### What this task involves
Only what runs from the line with "image for item" to the final line of the records below should be given again, word for word.

========

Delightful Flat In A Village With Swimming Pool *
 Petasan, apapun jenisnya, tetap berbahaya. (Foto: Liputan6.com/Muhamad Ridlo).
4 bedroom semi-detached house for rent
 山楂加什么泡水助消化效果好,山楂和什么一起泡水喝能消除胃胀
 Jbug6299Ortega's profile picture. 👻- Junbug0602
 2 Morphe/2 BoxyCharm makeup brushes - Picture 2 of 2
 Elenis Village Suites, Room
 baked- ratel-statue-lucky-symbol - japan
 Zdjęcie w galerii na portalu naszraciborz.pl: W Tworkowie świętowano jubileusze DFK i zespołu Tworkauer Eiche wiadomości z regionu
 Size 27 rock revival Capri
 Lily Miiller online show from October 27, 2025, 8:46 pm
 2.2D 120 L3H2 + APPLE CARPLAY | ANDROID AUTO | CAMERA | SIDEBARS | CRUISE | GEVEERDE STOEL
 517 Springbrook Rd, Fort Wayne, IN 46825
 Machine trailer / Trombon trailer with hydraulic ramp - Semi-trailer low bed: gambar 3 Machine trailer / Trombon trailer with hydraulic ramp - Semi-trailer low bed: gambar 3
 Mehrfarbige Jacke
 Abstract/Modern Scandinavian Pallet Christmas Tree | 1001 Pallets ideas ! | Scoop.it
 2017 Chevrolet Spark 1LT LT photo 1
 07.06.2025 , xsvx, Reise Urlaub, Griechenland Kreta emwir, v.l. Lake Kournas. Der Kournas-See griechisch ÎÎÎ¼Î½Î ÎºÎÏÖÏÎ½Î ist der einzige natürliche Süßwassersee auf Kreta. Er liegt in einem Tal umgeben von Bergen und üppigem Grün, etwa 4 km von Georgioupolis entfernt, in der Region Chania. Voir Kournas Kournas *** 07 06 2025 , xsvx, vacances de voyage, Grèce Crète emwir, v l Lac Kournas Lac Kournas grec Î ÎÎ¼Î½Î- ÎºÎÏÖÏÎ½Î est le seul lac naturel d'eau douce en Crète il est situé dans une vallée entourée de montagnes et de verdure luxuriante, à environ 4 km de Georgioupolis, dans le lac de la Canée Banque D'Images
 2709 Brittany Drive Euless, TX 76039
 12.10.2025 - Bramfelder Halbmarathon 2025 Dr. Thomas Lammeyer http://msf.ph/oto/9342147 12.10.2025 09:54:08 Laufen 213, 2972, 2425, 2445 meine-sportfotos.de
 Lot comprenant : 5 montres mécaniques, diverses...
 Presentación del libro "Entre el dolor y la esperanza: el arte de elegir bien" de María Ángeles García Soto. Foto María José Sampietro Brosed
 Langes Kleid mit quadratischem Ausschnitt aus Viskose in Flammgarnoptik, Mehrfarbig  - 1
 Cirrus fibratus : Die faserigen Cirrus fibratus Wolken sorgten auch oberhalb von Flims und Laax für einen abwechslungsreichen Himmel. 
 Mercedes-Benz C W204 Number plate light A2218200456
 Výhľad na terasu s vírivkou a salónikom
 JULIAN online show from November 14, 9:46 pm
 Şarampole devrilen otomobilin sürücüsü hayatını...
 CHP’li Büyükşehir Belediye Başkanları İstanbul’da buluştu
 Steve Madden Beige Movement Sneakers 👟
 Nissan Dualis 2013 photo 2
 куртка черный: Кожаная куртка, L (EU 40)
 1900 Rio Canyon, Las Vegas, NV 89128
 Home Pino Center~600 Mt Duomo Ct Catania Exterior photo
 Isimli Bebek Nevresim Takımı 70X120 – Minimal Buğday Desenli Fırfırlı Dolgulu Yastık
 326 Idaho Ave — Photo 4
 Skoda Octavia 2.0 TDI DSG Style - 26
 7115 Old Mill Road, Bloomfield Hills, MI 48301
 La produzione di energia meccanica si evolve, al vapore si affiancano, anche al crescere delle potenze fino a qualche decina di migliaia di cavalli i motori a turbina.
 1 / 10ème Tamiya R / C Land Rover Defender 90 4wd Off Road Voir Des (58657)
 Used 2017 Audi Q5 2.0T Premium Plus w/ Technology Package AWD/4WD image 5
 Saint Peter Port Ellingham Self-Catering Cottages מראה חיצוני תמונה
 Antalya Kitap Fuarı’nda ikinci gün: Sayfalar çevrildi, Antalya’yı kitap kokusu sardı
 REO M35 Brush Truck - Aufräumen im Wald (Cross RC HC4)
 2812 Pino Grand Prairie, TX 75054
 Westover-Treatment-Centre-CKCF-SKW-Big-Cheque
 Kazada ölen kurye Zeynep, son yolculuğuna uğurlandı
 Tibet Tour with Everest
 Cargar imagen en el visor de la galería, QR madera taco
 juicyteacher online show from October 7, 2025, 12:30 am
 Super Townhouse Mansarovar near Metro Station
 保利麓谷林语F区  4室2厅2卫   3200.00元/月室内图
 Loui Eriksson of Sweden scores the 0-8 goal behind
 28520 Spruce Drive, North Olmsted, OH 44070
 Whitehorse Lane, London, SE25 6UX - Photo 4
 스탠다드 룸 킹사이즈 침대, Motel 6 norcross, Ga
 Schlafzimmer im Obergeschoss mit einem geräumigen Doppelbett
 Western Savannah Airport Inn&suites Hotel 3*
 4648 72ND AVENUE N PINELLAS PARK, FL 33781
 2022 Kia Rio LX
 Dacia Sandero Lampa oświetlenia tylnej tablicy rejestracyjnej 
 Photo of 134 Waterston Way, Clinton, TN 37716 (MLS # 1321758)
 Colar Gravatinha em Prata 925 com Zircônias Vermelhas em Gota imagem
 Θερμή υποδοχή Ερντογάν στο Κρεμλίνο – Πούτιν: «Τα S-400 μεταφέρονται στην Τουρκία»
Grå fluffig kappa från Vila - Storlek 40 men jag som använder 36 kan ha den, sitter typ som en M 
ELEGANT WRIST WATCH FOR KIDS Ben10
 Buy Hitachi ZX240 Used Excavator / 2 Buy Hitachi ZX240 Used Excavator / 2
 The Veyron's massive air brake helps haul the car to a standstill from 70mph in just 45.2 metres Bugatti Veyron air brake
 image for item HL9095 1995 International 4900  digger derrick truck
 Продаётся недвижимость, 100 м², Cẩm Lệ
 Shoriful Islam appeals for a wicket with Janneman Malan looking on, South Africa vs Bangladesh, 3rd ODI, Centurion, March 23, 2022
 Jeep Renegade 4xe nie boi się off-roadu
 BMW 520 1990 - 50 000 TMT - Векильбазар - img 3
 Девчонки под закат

========

### Output of the exercise
 image for item HL9095 1995 International 4900  digger derrick truck
 Продаётся недвижимость, 100 м², Cẩm Lệ
 Shoriful Islam appeals for a wicket with Janneman Malan looking on, South Africa vs Bangladesh, 3rd ODI, Centurion, March 23, 2022
 Jeep Renegade 4xe nie boi się off-roadu
 BMW 520 1990 - 50 000 TMT - Векильбазар - img 3
 Девчонки под закат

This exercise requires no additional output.